==== INFORMATION GIVEN ====

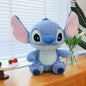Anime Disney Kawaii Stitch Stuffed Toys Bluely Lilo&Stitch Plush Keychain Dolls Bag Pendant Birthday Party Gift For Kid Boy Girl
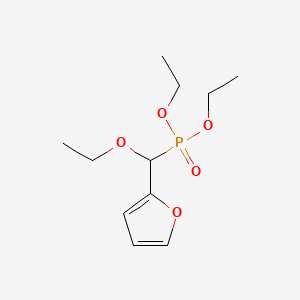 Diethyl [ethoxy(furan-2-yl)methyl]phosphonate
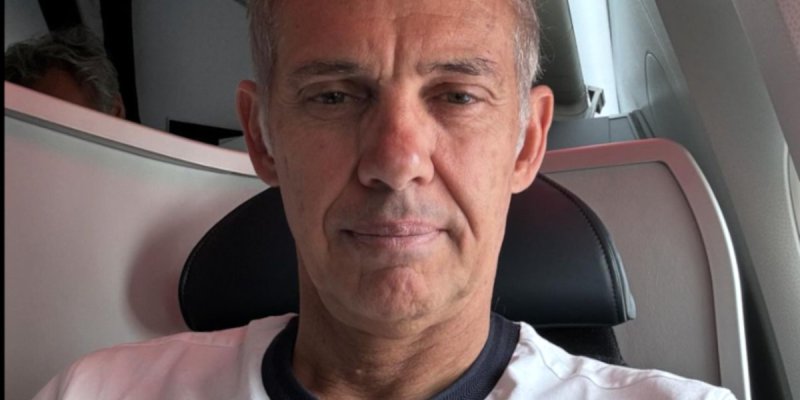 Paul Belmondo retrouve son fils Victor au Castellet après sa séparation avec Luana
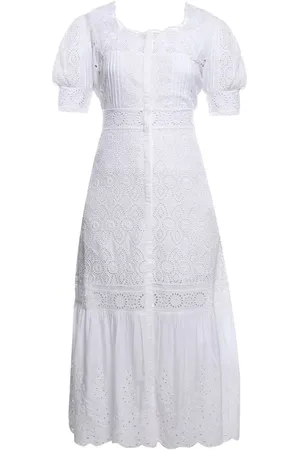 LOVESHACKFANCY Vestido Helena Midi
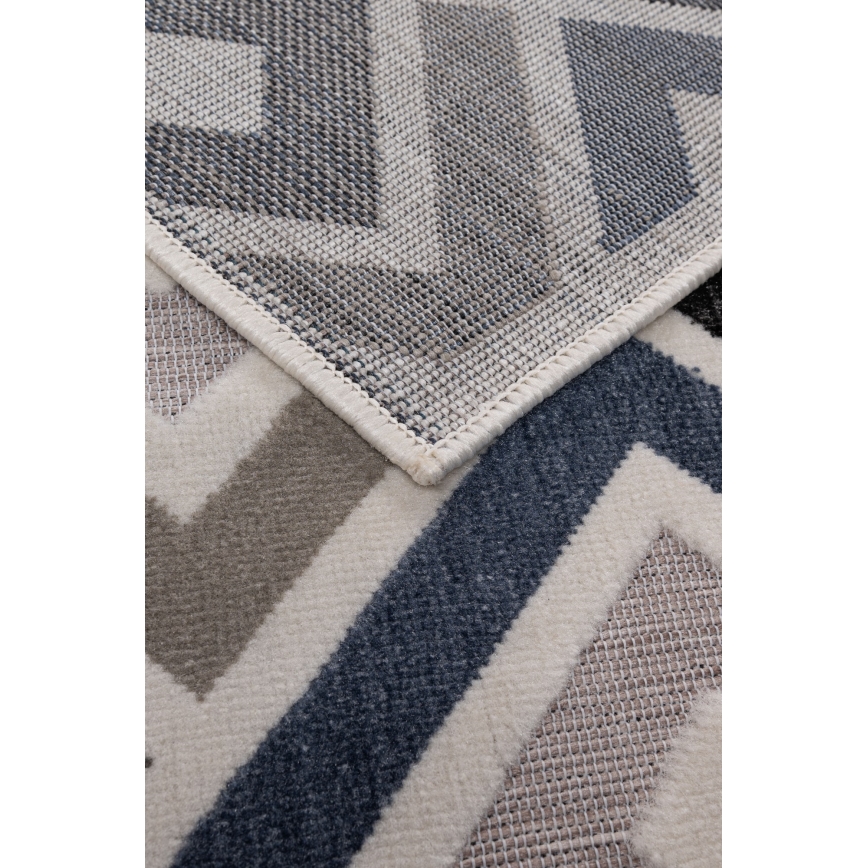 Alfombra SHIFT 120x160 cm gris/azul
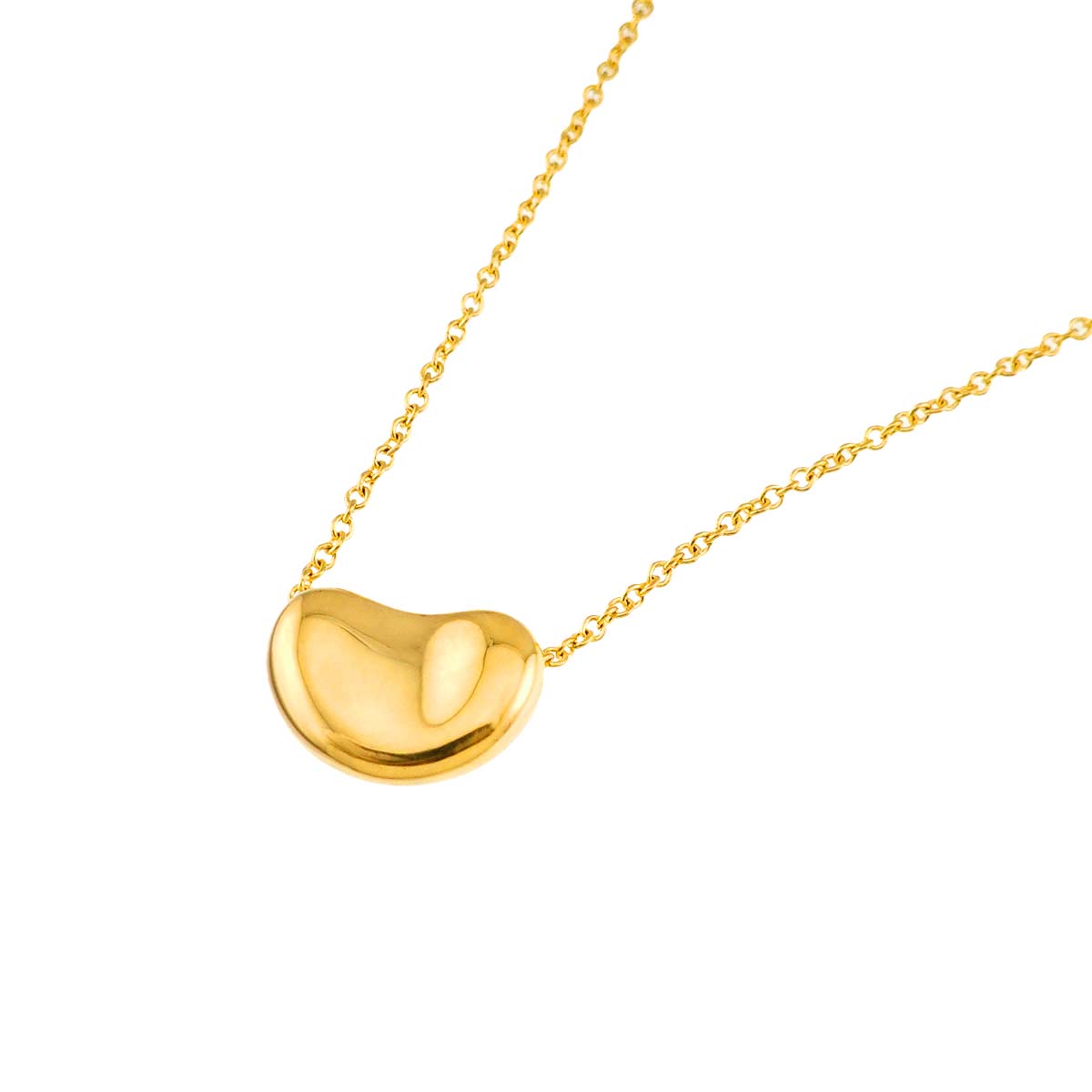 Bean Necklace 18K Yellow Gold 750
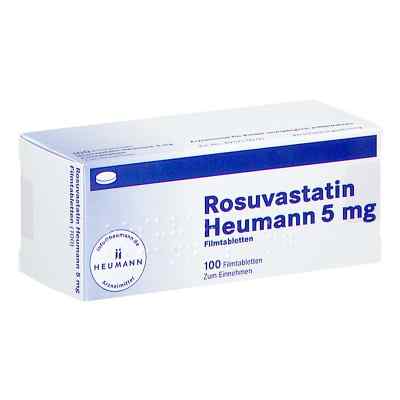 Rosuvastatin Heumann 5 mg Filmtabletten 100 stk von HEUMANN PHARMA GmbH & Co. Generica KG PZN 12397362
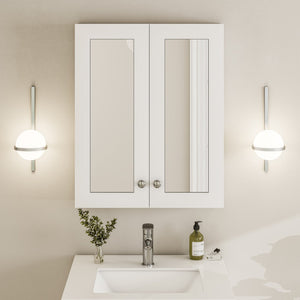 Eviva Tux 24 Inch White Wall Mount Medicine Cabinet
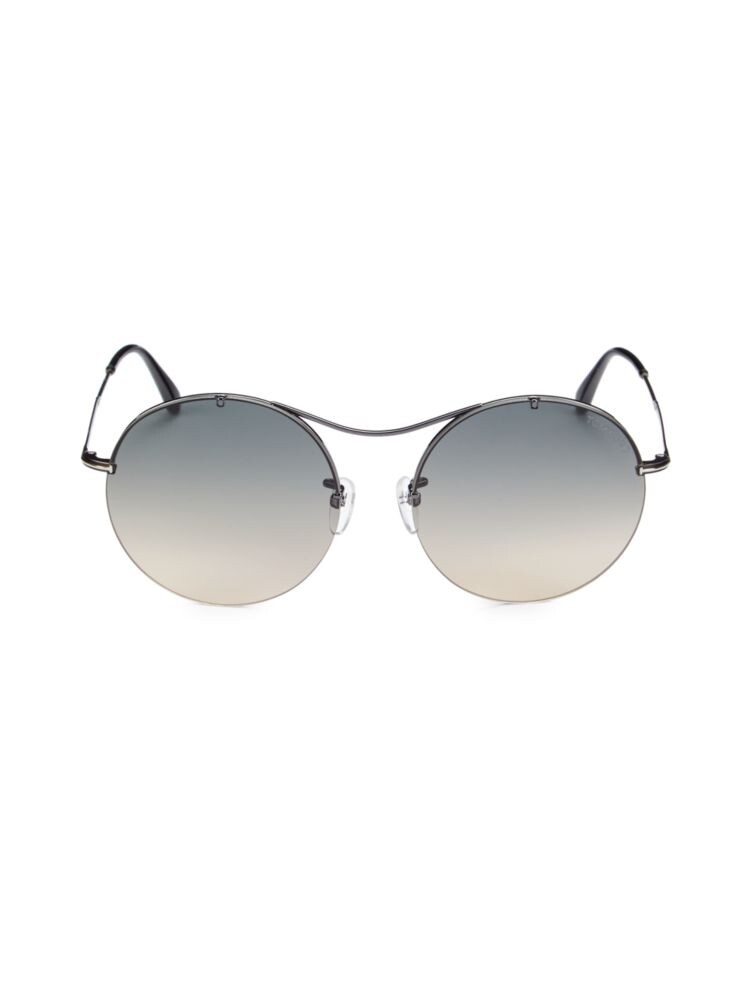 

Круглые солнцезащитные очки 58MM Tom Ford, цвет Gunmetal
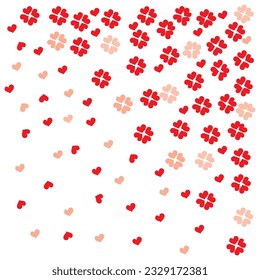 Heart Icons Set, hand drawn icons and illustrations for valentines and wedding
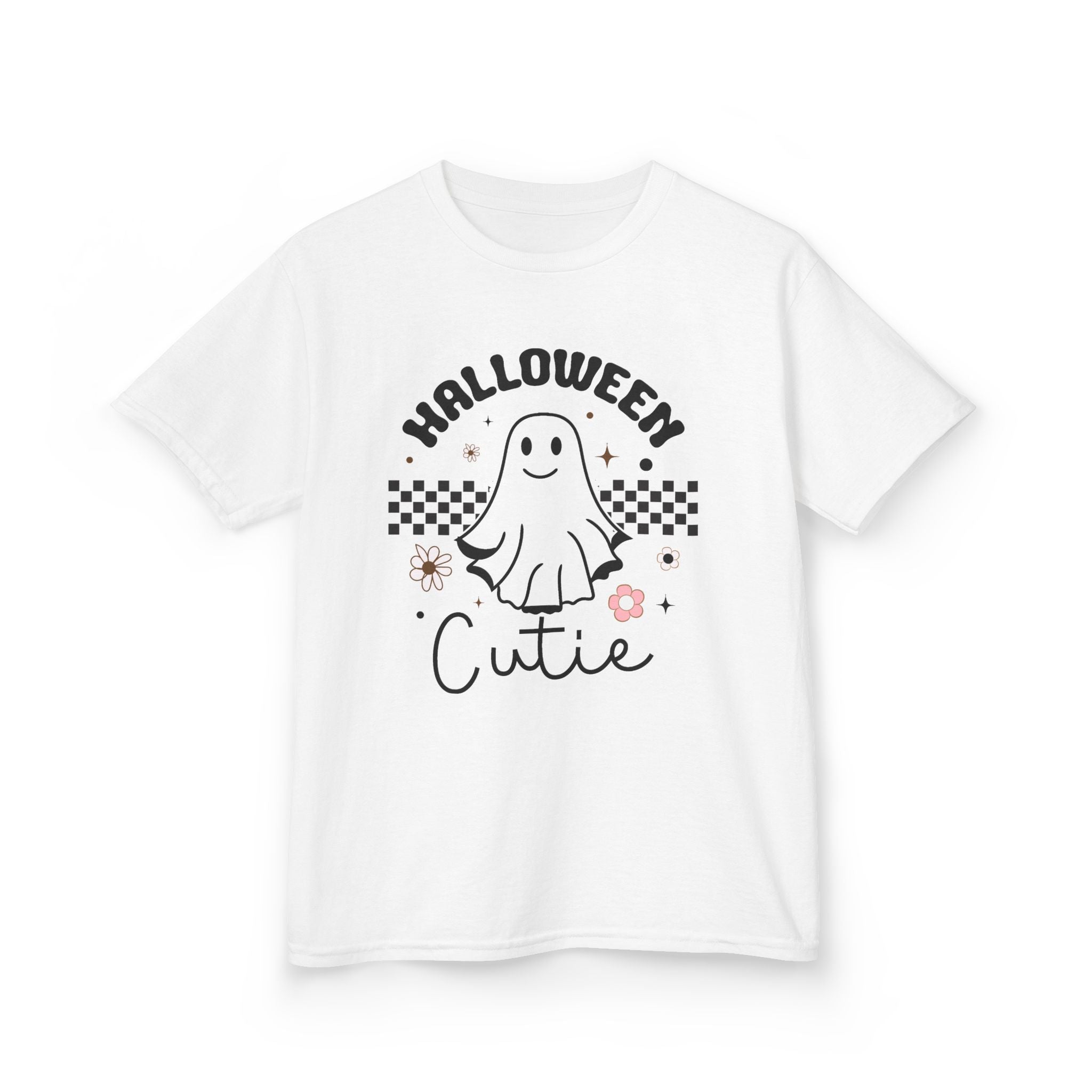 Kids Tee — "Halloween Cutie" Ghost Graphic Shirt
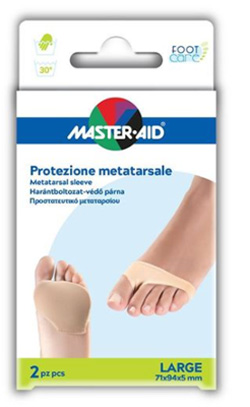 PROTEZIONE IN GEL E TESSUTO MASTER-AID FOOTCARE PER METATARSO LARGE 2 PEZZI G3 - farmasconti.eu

====

**WHAT THE TASK REQUIRES**:
The lines to copy exactly start with the line above that has "Круглые солнцезащитные очки" and go on through the line that has "Ghost Graphic Shirt"; please include both, add nothing else, and omit the pictures.

**OUTPUT BELOW**:
Круглые солнцезащитные очки 58MM Tom Ford, цвет Gunmetal
 Heart Icons Set, hand drawn icons and illustrations for valentines and wedding
 Kids Tee — "Halloween Cutie" Ghost Graphic Shirt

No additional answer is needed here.